I studied this book in college--almost five decades ago--but it has been in my thoughts recently as that decade immediately following World War Two seems to have marked the high water mark of America. Sometime in the decades since, we started on the downhill slope, following Britain, France and others. The peace and prosperity so dearly bought in the Depression and two world wars has been squandered on international adventures of doubtful necessity and internal narcissism of certain stupidity. America is coasting; living on the intellectual, emotional and fiscal capital of previous generations.
Many of the trends which have come or are coming to fruit budded during that crucial decade. And we seem too self-absorbed to recognize it or take corrective action.
As Pogo the Possum said forty years ago, "We have met the enemy, and he is us."
Nota Bene: Please read this review with The Police's "Born in the Fifties" playing in the background.

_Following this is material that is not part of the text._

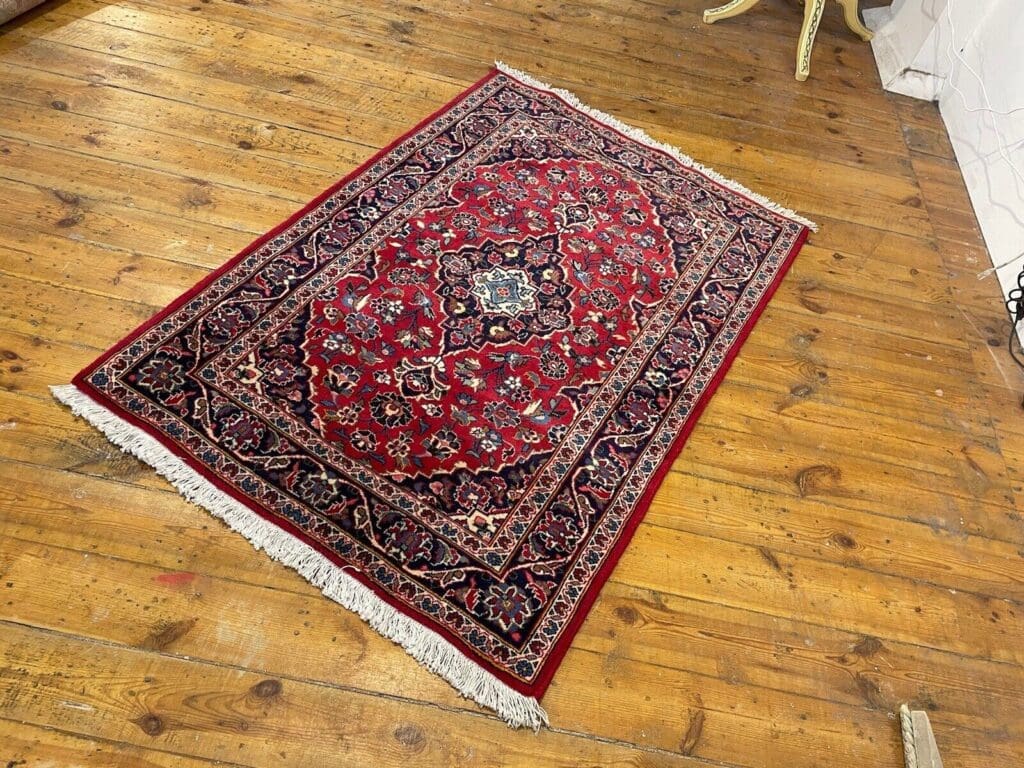 perserteppich-150x100-cm-antik-goltogh-bigar-mit-schonem-medallion-1-6 Perserteppich Keschan 150x100 cm Wolle handgeknüpft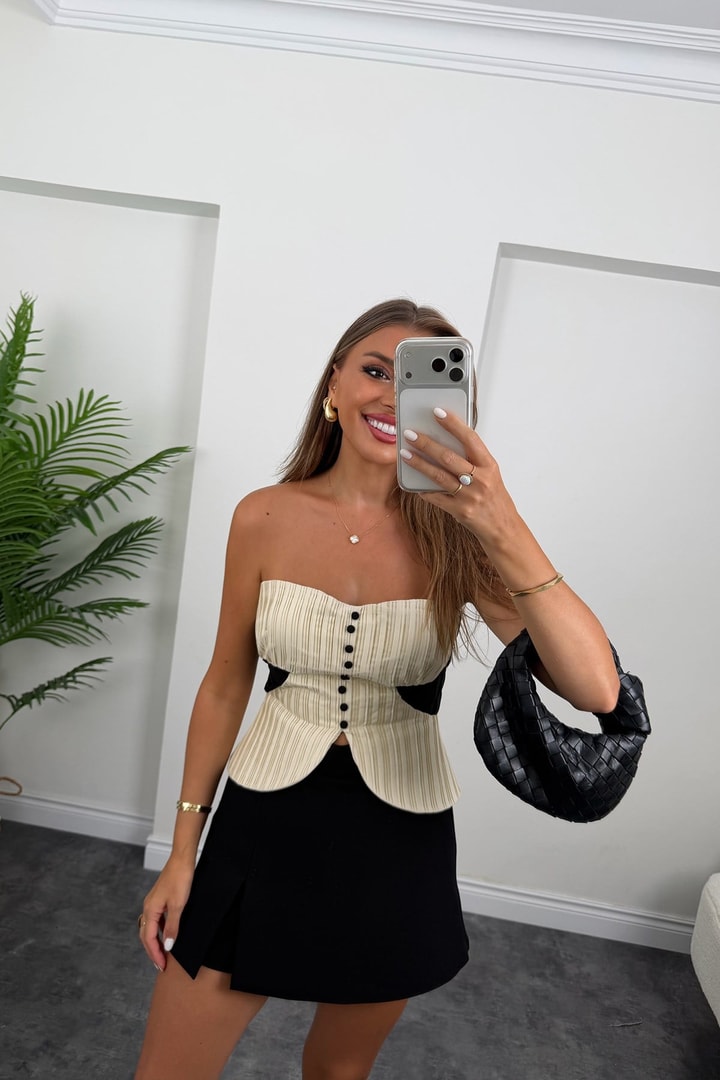 Krem Siyah Lüx Seri Korse Bluz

Isn't it curious how we view the Fifties through Manichean lenses ? Either the Eisenhowerian Age of mass conformity, "the most boring decade in the history of man" Norman Mailer called it, or a time of upheaval, from McCarthyism to Sputnik. Eric Goldman, a shining star among American historians and one-time advisor to President Lyndon Johnson (a career choice he came to deeply regret) wisely decided to begin his history of the Fifties in 1945, for historical decades are not coeval with chronological decades. In 1945 America stood alone as the world's only atomic power and industrial powerhouse. So, why were Americans so anxious and even depressed. One answer touted by Goldman is that citizens of the atomic power feared, with good reason, the end of the world through nuclear war, and wartime prosperity had produced a consumer society where everything and everyone was for sale. (Consider how Eisenhower was bought and sold by the Republicans like a bar of soap. Worse was to come. The Russian explosion of an atomic device combined with a stalemated war in Korea fostered frustration and then paranoia. Think of every sci-fi film of the Fifties, INVASION OF THE BODY SNATCHERS, INVADERS FROM MARS, etc. recounting the "enemy is inside our houses and our minds" tales. McCarthy and Nixon exploited these fears; they did not create them. Or, the great scare over juvenile delinquency, factual or not, and captured on film in poetic form (REBEL WITHOUT A CAUSE) and trash (I WAS A SHOPLIFTER). And, that swill of religious pictures, designed to convince Americans God was on their side in the Cold War. (My personal favorite is RED PLANET MARS, where God radios to earth and calls on the Russkies to overthrow their commie masters.). Still, Goldman finds signs of hope and winds of change. Lenny Bruce and his "sick humor" broke through the school and government lies that all was swell with America. Joseph Welsh took down McCarthy, appropriately on television. (Goldman notes that in addition to Welsh, McCarthy now had to compete with I LOVE LUCY.) The Fifties came to an end not just because the calendar turned over into 1960 but by the rise of everyone from John F. Kennedy to Martin Luther King Jr. to America's new nemesis, Fidel Castro. This is social and cultural history at its finest. You will look back and laugh through tears.
Really great summary of the post WWII period. Goldmann captures the language and the emotion of the time with surprising clarity, given the fact that he wrote it relatively soon after the decade he elaborates on.